Saat mereka masuk ke dalam kamar Dino, Viero masih tertidur dengan lelap. Dino dan Hibari melangkah pelan ke sisi ranjang. Hibari kemudian duduk di tepian tempat tidur dan hanya menatap ke arah Viero. Dino berdiri di sisi Hibari, kedua iris hazelnya lembut dan bibirnya membentuk senyum melihat ekspresi Hibari saat ini.

"Viero pasti senang melihatmu di sini."

"… Hn. Kudengar dia demam saat aku menjalankan misi." Pernyataan itu terdengar seperti pertanyaan tersirat di telinga Dino.

"Ah, ya. Tapi demamnya hilang saat kau sadar, Kyouya," Dino menautkan kedua alisnya. "Mungkin demamnya sejak awal berhubungan dengan kondisimu? Viero tidak akan terlahirkan kalau kau tidak bertahan."

Hibari hanya mengangguk menanggapi perkataan Dino. Ia sudah memperhitungkan kemungkinan itu sebelumnya. Pria berambut kelam itu mengulurkan tangan untuk mengusap helaian surai hitam yang sangat mirip dengan miliknya. Hibari tidak akan mengatakan apapun secara lugas, namun ia sesungguhnya lega Viero tidak menghilang.

Nampaknya tidur Viero sedikit terganggu dengan elusan yang Hibari berikan, karena kedua kelopak mata bocah itu perlahan terangkat dan sepasang manik sewarna dengan langit malam bertemu pandang dengan iris kelam Hibari. Kantuk yang semula terlihat jelas di mata Viero segera menghilang saat ia menjerit senang dan melompat untuk memeluk Hibari.
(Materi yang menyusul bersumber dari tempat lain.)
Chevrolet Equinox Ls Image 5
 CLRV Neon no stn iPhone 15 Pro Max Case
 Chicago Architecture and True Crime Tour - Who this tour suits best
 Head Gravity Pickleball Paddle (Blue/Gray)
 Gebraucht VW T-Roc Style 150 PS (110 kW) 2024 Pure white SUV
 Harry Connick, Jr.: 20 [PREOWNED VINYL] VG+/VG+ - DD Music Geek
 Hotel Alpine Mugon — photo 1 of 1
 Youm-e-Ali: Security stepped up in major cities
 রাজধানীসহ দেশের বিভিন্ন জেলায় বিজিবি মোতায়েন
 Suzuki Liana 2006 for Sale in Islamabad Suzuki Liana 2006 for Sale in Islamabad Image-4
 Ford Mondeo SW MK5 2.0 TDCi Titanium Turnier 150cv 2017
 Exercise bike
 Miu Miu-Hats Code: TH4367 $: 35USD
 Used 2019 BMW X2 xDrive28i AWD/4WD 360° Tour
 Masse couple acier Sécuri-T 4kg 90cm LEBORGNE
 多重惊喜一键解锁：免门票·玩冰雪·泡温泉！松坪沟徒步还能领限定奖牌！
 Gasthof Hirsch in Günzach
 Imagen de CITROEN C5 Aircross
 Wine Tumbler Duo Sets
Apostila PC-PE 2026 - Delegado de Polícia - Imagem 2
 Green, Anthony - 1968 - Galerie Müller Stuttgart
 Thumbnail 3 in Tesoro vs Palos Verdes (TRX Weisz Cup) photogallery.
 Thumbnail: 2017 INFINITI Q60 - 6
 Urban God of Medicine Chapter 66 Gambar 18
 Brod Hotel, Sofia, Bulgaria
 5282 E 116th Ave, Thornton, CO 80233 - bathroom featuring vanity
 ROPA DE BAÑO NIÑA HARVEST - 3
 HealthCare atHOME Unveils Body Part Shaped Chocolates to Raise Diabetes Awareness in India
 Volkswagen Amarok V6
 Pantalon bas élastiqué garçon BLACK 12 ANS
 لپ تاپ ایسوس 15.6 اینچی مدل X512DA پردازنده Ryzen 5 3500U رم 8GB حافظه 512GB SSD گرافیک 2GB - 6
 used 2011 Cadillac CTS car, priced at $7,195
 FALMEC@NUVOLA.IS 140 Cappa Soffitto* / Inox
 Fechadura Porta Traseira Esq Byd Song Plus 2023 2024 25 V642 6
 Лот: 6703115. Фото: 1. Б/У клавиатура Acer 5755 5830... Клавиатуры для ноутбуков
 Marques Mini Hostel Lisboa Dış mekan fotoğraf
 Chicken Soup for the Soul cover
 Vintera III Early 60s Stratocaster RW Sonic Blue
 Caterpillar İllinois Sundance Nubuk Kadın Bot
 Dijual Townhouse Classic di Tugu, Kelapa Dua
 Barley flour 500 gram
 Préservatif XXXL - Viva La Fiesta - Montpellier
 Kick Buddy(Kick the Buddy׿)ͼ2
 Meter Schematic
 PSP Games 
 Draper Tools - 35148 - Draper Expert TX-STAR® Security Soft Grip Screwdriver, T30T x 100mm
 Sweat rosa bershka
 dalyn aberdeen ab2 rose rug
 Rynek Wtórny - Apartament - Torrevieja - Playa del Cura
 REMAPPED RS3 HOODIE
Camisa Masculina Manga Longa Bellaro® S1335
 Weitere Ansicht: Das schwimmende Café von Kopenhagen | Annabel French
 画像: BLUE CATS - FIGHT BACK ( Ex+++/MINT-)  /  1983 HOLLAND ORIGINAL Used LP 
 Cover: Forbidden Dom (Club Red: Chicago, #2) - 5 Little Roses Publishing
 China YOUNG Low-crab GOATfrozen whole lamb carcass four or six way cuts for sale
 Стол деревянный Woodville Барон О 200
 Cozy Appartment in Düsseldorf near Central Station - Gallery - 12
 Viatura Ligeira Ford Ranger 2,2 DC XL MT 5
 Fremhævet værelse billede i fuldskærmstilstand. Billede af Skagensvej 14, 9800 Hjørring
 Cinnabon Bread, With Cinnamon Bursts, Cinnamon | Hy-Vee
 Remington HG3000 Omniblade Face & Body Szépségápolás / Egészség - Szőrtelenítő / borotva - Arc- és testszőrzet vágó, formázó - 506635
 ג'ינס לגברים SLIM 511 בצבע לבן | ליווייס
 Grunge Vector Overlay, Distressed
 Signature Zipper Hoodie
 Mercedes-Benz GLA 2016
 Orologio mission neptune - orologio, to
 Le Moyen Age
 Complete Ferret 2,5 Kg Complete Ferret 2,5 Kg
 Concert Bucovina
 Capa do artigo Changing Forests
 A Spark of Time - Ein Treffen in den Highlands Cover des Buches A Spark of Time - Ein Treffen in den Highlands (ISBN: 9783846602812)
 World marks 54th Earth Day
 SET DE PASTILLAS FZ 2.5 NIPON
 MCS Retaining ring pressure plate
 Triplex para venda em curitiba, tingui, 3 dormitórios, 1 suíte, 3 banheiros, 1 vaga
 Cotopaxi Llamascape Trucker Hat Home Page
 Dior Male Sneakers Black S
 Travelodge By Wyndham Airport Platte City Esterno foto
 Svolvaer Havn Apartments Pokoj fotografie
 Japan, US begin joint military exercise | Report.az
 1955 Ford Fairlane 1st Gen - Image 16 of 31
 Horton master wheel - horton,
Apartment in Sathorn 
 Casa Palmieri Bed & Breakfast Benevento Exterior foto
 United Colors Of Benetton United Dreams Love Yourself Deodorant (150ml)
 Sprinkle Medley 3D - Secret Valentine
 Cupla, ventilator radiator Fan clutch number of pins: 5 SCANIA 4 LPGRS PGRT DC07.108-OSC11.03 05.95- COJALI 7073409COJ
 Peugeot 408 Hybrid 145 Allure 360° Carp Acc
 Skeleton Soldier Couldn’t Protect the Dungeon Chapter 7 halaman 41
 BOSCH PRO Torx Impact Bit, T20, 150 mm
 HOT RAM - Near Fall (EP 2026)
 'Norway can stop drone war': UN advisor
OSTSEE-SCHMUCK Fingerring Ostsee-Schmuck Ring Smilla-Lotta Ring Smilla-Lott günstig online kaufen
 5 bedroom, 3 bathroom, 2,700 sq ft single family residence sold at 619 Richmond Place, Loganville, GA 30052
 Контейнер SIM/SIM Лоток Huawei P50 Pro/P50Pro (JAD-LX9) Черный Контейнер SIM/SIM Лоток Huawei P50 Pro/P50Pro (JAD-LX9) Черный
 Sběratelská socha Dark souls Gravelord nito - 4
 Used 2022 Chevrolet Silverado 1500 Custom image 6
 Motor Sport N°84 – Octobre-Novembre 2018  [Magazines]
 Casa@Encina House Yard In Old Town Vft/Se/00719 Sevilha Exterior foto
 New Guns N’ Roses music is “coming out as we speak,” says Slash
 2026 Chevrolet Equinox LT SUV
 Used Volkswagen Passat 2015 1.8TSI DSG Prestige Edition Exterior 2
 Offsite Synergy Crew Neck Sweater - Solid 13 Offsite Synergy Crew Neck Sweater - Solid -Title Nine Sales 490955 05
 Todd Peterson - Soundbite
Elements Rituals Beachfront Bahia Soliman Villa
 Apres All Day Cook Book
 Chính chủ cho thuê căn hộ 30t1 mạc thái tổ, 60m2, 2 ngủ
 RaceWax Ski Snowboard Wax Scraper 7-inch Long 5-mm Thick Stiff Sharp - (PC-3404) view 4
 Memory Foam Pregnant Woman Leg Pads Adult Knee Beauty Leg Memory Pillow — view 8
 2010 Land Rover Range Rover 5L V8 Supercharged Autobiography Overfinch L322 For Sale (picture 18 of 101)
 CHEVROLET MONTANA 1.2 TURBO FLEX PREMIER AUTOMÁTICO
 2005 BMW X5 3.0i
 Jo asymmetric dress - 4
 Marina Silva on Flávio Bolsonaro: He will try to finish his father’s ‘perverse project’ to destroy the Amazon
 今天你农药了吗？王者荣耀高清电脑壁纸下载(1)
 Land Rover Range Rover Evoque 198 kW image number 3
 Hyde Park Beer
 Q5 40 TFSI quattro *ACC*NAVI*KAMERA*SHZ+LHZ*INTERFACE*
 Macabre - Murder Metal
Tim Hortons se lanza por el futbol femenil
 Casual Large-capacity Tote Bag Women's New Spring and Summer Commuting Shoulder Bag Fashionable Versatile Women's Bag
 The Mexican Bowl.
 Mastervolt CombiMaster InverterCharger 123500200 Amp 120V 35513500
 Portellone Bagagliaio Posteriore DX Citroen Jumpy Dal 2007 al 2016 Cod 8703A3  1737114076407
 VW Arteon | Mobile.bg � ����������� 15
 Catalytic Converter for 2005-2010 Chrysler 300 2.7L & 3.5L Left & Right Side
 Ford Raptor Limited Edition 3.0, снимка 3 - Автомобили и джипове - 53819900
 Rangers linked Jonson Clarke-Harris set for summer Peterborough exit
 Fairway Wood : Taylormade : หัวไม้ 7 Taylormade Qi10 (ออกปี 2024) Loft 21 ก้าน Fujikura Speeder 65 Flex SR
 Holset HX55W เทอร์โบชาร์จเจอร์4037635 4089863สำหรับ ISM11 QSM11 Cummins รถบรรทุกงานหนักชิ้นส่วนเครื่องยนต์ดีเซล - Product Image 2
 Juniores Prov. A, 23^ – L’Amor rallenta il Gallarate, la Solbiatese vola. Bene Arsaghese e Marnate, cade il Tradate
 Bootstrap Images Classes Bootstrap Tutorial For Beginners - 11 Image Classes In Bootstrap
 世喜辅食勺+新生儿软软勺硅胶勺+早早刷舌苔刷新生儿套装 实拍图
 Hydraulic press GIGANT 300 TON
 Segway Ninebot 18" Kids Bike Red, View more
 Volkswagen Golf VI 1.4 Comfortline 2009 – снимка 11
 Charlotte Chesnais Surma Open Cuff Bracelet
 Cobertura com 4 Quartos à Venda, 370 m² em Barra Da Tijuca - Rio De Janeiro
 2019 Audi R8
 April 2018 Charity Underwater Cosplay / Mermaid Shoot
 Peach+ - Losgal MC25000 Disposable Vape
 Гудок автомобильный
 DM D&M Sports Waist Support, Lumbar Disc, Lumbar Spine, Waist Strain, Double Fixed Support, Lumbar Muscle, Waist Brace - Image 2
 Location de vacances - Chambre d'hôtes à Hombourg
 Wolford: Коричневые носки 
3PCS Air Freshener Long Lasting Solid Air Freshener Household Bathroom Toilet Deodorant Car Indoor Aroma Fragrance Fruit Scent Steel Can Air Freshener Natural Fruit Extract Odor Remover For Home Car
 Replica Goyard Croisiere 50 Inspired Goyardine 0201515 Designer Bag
"Ayah! Kau sudah sadar! Syukurlah!"

Tidak ada jeda yang terbuang sebelum Hibari melingkarkan kedua lengannya dengan aman di tubuh Viero untuk membalas pelukan bocah itu. Dino sendiri cukup terkejut melihatnya, tapi ia tidak mengatakan apapun bahkan saat Hibari berbisik pelan di telinga Viero, membuat kedua manik hitam sang bocah membulat sebelum butiran air mata berbondong memenuhi pelupuknya.

HIbari hanya mengatakan. "Terima kasih," tapi kalimat sederhana itu telah mampu mewakili apa yang Dino sendiri rasakan.